Influencer e VIP chiamati per creare visibilità. La serie elettrica è agonizzante tra regole tutte sue e popolarità in discussione
Quando è una serie motoristica ad aver bisogno, per farsi notare, degli influencer e dei loro follower e non il contrario, forse abbiamo un problema. Che poi, non è neanche colpa loro. Qualcuno, VIP e influencer, ce li ha fatti diventare, qualcun altro ha deciso di offrire un posto in prima fila su una monoposto di Formula E. E loro, dal loro conveniente punto di vista, hanno accettato volentieri. Forse lo farebbe chiunque. Il punto della questione, qui, è un altro.
La serie elettrica ha debuttato nel 2014 e, mai come ora, è in discussione: soprattutto in un mondo che, sull’elettrico applicato all’auto, sta iniziando a ricredersi. Con case che stanno riconvertendosi in parte al termico e colossi come Toyota che ne criticano veridicità (sulle emissioni) e potenzialità di diventare l’unica alternativa possibile.
La Formula E, in sé, era partita in un certo modo: con la doppia vettura per gestire le batterie e poi, progressivamente, con una sola monoposto. Ma sempre col mito della gestione della batteria fino ai livelli attuali, che portano le gare ad essere per 3/4 della loro distanza una passerella in cui bisogna stare attenti a non rimanere incastrati in incidenti e scontri vari. Solo alla fine si può spingere, che poi dovrebbe essere il motivo per cui si corre. Il tutto condito da regole che variano da gara a gara (una volta il pit boost, una volta l’attack mode con durate diverse) che non fanno altro che creare confusione.
La Formula E è in crisi principalmente per due motivi. Il primo è un regolamento per il quale si vive di lift and coast. Nonostante monoposto sempre più veloci, si continua a privilegiare l’obiettivo dell’efficienza e non quello della prestazione. E, endurance a parte (dove in realtà il concetto è molto meno estremizzato), nelle corse sprint parlare solo e soltanto di gestione è ridicolo.
Il secondo motivo riguarda la FIA, che ha messo per prima in ombra la Formula E aumentando sempre più l’elettrificazione in Formula 1. Gli ibridi sono entrati nel 2014 – anno di debutto proprio della serie elettrica – e nel 2026 è arrivato il grande cambio che rischia di creare un disastro anche nella massima serie.
Io non so cosa passi per la testa di chi ha potere decisionale, ma mi pare evidente che qui si stia letteralmente scherzando con il fuoco.
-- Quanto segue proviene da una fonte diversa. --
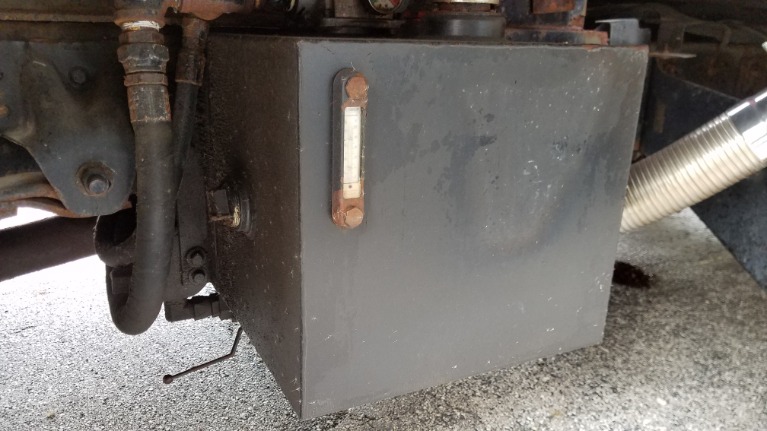 Used-2004-GMC-C6500-TRUCK-C6C042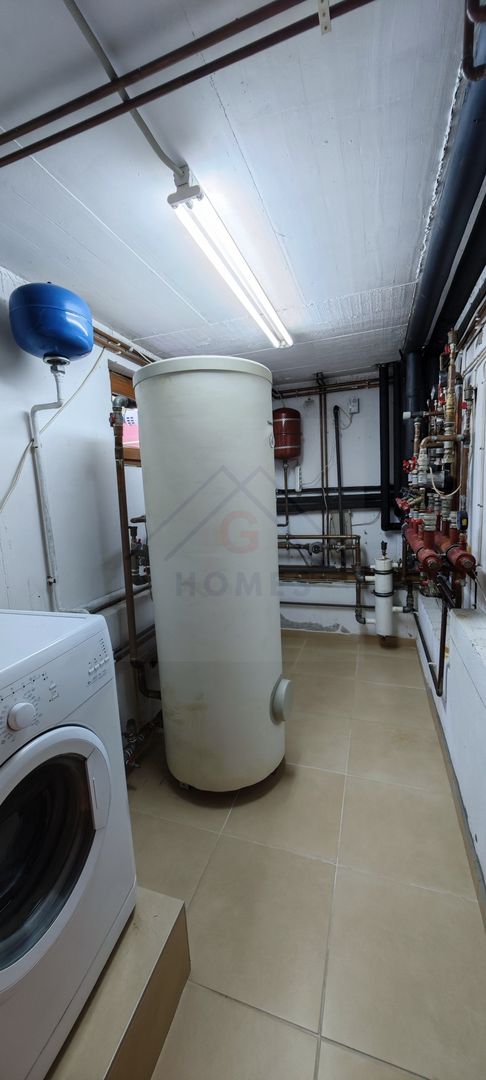 Casa spatioasa. Pretabil si pt. clinica, invatamant, camin varstnici. - Poză 39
L’interesse dei giovani nei confronti dell’auto è crollato negli ultimi vent’anni e tutte le decisioni prese sono volte, invece che a invogliare a seguire, a minare i concetti di motorsport, corsa, prestazione, velocità. Invece di utilizzare la Formula E per mettere in mostra le potenzialità di una vettura elettrica abbiamo dei taxi portati in pista da piloti che girano al 50% (e forse sono buono) delle loro possibilità. Non contenta, la FIA ha deciso di abbassare i requisiti anche per i piloti di Formula 1, che dovranno fare lift and coast in qualifica per non rischiare di arrivare a terra a fine giro.
Se organizzi delle gare in cui non si può correre e performare, il risultato è esattamente quello di essere costretti a stilare una lista di influencer e VIP, ordinati per numero di follower, e portarli in macchina per raggiungere una visibilità altrimenti impossibile tramite i propri eventi.
Sarei curioso di vedere una gara di Formula E con potenze leggermente limitate, 50% della distanza attuale e niente Attack Mode o simili; con piloti che non si devono preoccupare della percentuale della batteria ad ogni giro o dell’ingegnere che suggerisce di frenare di più, alzare di più, risparmiare di più.
La cosa fantastica è che l’errore è stato portato anche nei pressi della sorella maggiore e, potenzialmente, potrebbe avere una risonanza infinita. Vedremo come andrà a finire.